* _THE PROBLEM_
In the entries, find all lines that hold the word "flannel" and copy them.
• • • • • • •
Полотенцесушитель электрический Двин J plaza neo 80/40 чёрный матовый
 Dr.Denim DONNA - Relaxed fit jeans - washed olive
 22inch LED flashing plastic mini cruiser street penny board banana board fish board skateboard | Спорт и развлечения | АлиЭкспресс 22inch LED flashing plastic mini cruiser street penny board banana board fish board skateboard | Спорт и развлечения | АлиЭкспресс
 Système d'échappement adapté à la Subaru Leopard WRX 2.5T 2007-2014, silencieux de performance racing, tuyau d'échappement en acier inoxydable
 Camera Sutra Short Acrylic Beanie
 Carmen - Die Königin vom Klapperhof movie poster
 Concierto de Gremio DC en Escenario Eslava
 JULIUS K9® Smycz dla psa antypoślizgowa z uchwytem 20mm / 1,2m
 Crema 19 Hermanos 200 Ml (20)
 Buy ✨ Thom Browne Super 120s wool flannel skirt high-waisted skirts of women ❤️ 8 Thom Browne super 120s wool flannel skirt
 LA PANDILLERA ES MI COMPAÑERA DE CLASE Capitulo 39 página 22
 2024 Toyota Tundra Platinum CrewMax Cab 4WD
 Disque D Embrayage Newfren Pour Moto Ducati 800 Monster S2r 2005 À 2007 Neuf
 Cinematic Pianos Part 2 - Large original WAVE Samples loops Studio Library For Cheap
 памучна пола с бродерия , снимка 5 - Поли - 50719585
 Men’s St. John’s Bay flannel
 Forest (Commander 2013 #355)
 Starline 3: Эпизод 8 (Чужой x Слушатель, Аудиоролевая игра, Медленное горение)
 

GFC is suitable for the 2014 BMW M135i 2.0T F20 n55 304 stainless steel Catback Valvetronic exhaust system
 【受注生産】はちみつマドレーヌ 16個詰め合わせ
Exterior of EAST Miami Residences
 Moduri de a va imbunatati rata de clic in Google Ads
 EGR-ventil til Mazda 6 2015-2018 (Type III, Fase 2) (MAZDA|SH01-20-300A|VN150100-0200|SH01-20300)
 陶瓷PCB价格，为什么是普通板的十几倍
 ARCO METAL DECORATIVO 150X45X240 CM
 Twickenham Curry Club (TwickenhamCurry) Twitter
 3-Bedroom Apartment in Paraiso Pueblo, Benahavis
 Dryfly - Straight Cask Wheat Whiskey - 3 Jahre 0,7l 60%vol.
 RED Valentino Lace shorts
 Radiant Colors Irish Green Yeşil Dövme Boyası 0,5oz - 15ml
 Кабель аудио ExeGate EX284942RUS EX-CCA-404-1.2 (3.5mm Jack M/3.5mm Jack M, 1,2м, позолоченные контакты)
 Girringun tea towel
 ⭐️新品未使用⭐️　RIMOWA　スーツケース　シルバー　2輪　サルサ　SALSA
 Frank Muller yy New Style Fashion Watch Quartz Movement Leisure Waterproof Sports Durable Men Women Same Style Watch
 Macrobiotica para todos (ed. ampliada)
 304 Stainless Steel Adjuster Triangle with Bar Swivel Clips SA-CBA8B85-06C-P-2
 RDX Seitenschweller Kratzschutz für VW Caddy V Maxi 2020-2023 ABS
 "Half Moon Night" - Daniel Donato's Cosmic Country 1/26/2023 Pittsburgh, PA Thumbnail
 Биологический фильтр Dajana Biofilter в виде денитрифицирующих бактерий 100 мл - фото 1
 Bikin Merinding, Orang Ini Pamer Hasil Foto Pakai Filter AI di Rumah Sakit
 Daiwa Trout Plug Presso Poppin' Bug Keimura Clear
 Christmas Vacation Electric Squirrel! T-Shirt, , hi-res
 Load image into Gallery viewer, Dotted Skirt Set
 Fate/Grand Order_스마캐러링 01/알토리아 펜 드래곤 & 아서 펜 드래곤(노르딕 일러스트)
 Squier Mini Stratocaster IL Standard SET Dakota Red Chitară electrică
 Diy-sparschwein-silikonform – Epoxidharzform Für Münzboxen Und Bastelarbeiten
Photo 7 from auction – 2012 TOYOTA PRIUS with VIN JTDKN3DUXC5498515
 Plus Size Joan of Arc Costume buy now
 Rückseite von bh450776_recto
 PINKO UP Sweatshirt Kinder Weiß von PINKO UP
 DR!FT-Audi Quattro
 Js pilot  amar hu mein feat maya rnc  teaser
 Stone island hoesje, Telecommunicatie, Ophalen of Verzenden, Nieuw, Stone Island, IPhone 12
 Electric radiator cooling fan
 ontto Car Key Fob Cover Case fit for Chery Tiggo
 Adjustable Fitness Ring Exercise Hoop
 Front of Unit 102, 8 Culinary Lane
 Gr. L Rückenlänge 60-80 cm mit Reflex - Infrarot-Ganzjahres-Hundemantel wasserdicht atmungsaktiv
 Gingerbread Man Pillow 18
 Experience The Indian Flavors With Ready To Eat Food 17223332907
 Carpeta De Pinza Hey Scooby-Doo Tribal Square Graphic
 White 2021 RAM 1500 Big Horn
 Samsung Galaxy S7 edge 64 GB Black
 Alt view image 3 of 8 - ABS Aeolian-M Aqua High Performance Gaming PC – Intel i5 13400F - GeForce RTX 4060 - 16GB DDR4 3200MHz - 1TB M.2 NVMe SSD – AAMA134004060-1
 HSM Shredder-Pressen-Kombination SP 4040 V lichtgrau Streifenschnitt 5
• • • • • • •
* _SOLVED EXERCISE_
 Buy ✨ Thom Browne Super 120s wool flannel skirt high-waisted skirts of women ❤️ 8 Thom Browne super 120s wool flannel skirt
 Men’s St. John’s Bay flannel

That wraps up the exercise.